“I say to you,” Jesus said, “unless your righteousness surpasses that of the scribes and Pharisees, you shall not enter the kingdom of heaven.”
It’s easy to soften the force of this. Don’t. Jesus is not talking about His own personal righteousness imputed to us. He’s not talking about a righteous status granted to us. He’s talking about how you live and act in the day to day demands and relationships of life.
He’s talking about the way you respond to insults, and how you look at women, and how you treat your enemies, and how you pray and give offerings, and the way you use your money. If you want to enter the kingdom, then you have to be more righteous in all these things than the scribes and Pharisees.

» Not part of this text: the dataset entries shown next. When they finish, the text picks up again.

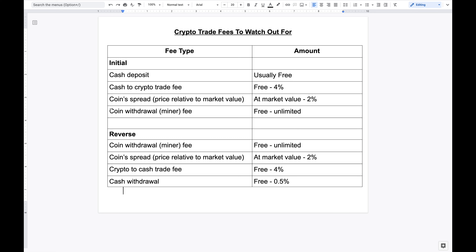The last fee associated with the initial side is the withdrawal or miner fee. I've seen it as cheap as free, and on the upper end it's essentially unlimited because it depends on the network — there's really no cap on the miner fee. This assumes you are withdrawing to a wallet that you control. These are all of the initial fees from cash to crypto in your wallet.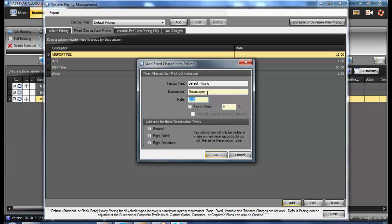Once you have entered in the description and the rate, you should then select what type of reservations it applies to. If it applies to all types of reservations, check all of the boxes.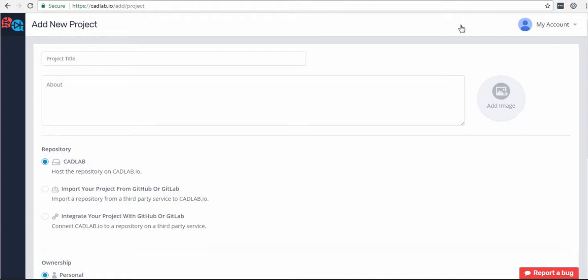Here you can specify the project's name and description. Then you are provided with three hosting options for how you can organize your projects.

Paul, the preacher of righteousness by faith, agrees. “Do you not know,” Paul asks, “that the unrighteous will not inherit the kingdom of God?” It’s not a rhetorical question. Paul adds, “Do not be deceived; neither fornicators, nor idolaters, nor adulterers, nor effeminate, nor homosexuals, nor thieves, nor the covetous, nor drunkards, nor revilers, nor swindlers, will inherit the kingdom of God.”
This is not works righteousness. We live righteously only by the power of the Spirit. Like everything else, this righteousness is a gift. Still, this gift has to show up in the way we live.
If you want to inherit the kingdom of heaven, to be with Jesus forever, to enjoy the blessings of the presence of God, there is only one way: Your righteousness must surpass the righteousness of the scribes and Pharisees.